What you need to do -
The expected output is an exact copy of the lines from the one containing "Комплект болтів важеля" through the final line of the entries below, with no images.

[Records from a data collection]
○ ○ ○
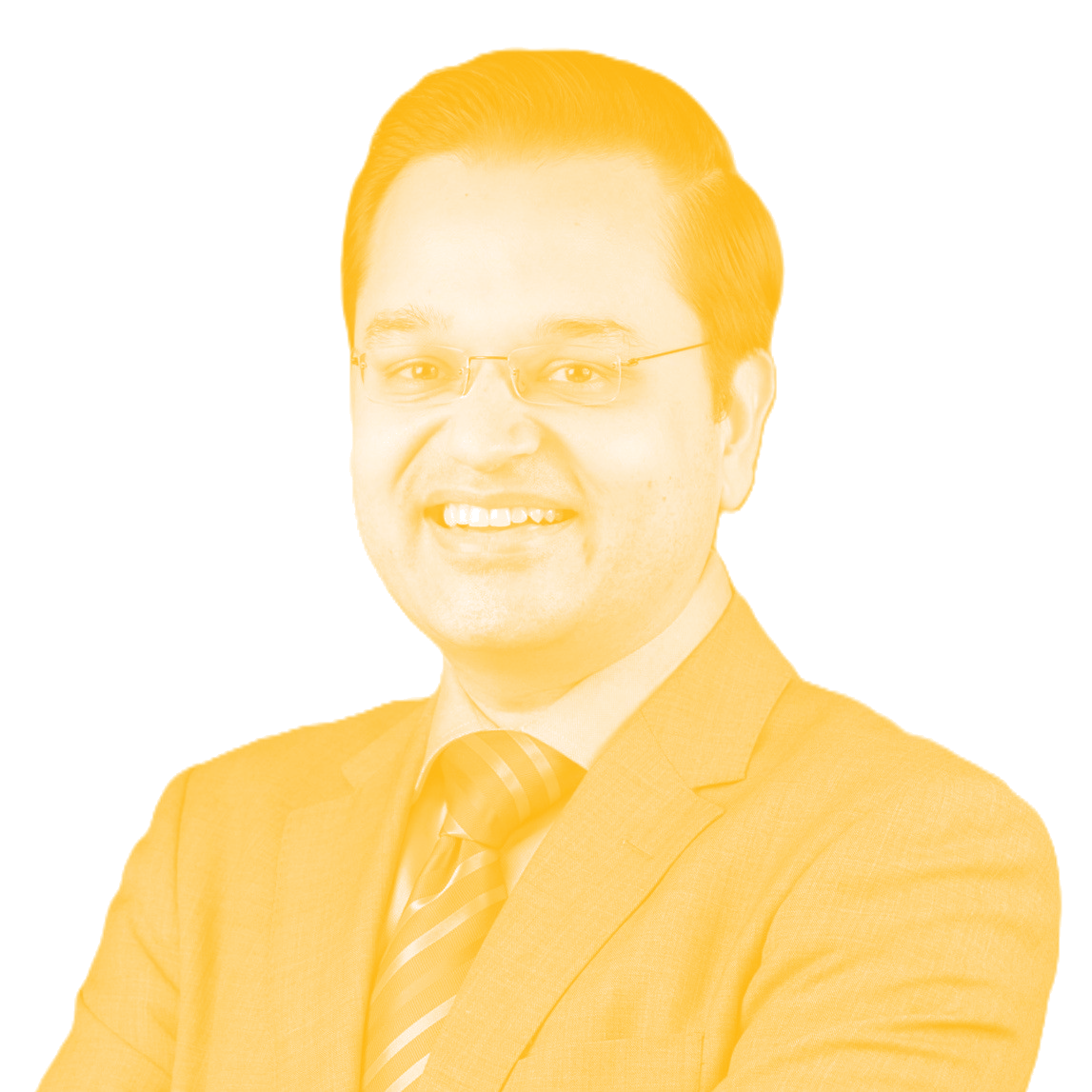 Jitendra Jain (JJ) light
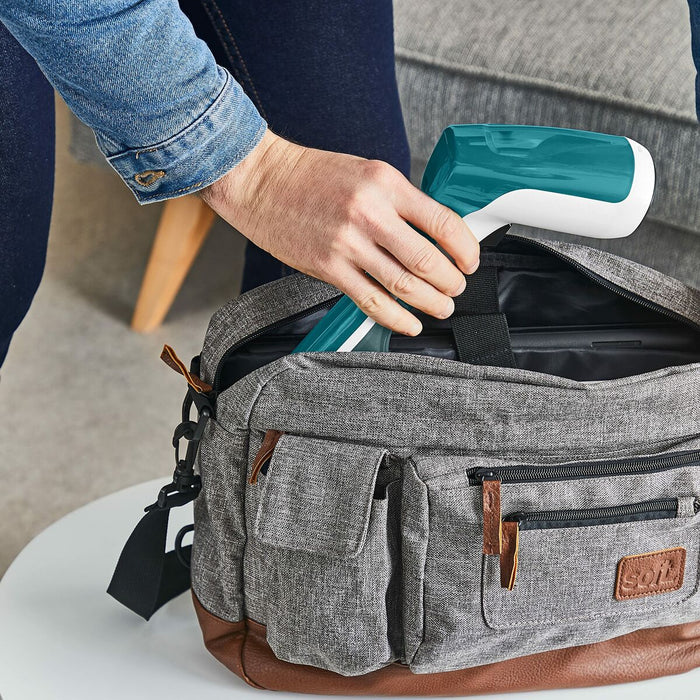 V11H16EC79EDA07949D3F2B6C6047B5A7AA4R3386244P7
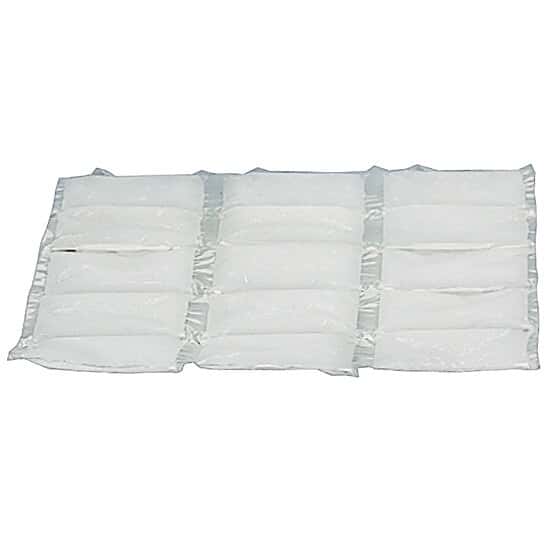 ThermoSafe 405SQ Sheet, 16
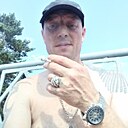 Знакомства: Максим, 43 года, Петропавловск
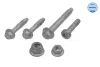 Комплект болтів важеля (переднього) Ford Focus/Kuga/Volvo C70/S40/V50 03-13 714 654 0000 MEYLE 714-654-0000 (фото 1)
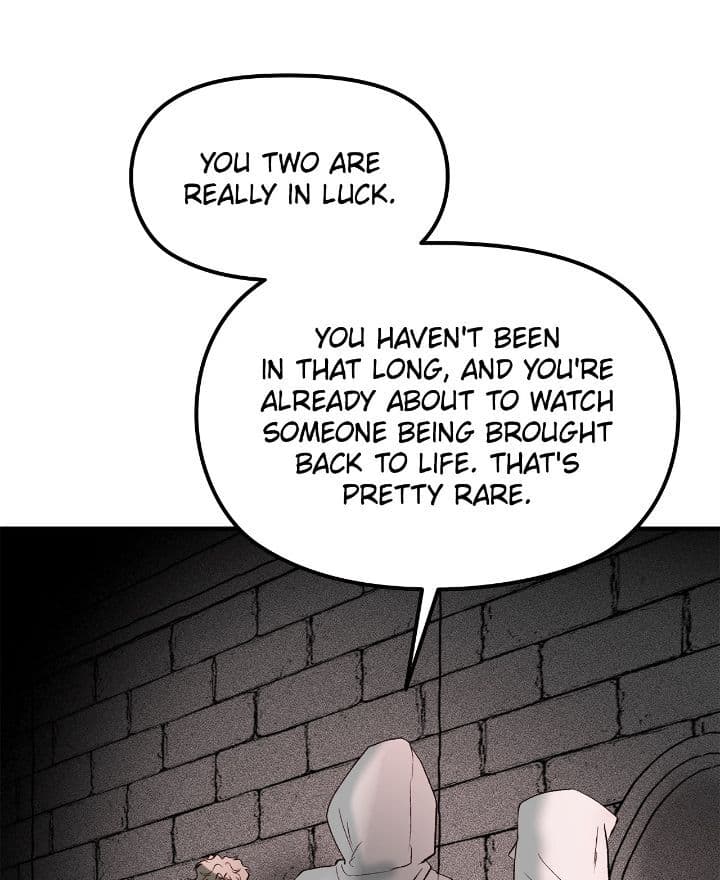 Page https://readmanhwaverse.com/images/beyond-walpurgis/chapter-8/61.jpg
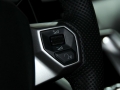 LP700-4
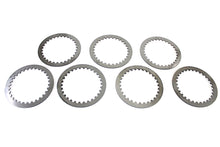 Load image into Gallery viewer, Alto Steel Drive Plate Set for Indian
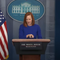 03/09/21: Press Briefing by Press Secretary Jen Psaki and Bharat Ramamurti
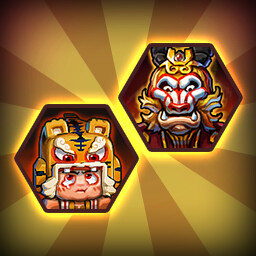 What Will Happen? icon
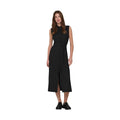 Solo Vestido de Mujer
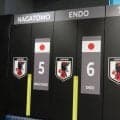 【現地発】「南ア、ブラジルとは全然違う環境」キャンプ地ナッシュビルの施設が桁違い　代表OB陣も感嘆　ロッカー配置から食事体制まで、森保ジャパンを支える現場のリアル【W杯】
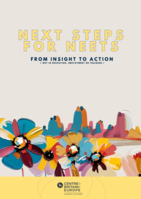 Next Steps for NEETs: From Insight to Action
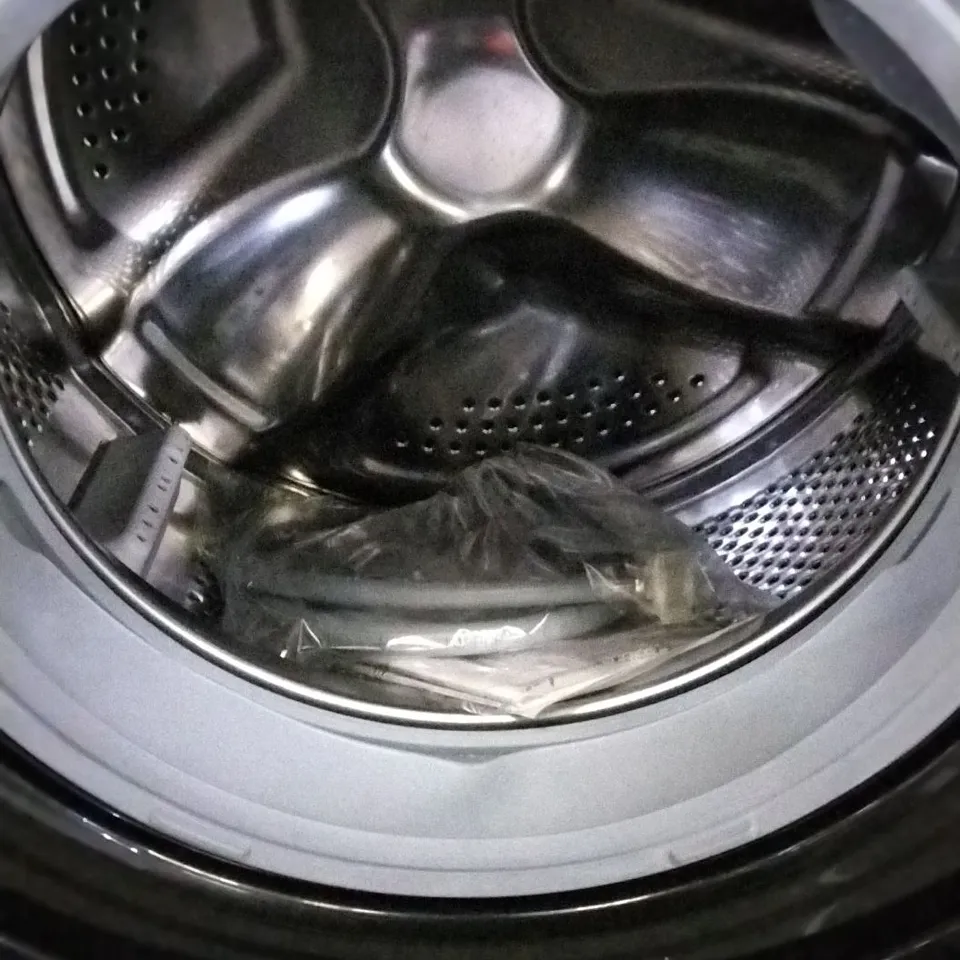 SWAN SW15810B 6KG SPIN WASHING MACHINE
○ ○ ○
Result of the task -
 Комплект болтів важеля (переднього) Ford Focus/Kuga/Volvo C70/S40/V50 03-13 714 654 0000 MEYLE 714-654-0000 (фото 1)
 Page https://readmanhwaverse.com/images/beyond-walpurgis/chapter-8/61.jpg
 LP700-4
 Load image into Gallery viewer, Alto Steel Drive Plate Set for Indian
 03/09/21: Press Briefing by Press Secretary Jen Psaki and Bharat Ramamurti
 What Will Happen? icon
 Solo Vestido de Mujer
 【現地発】「南ア、ブラジルとは全然違う環境」キャンプ地ナッシュビルの施設が桁違い　代表OB陣も感嘆　ロッカー配置から食事体制まで、森保ジャパンを支える現場のリアル【W杯】
 Next Steps for NEETs: From Insight to Action
 SWAN SW15810B 6KG SPIN WASHING MACHINE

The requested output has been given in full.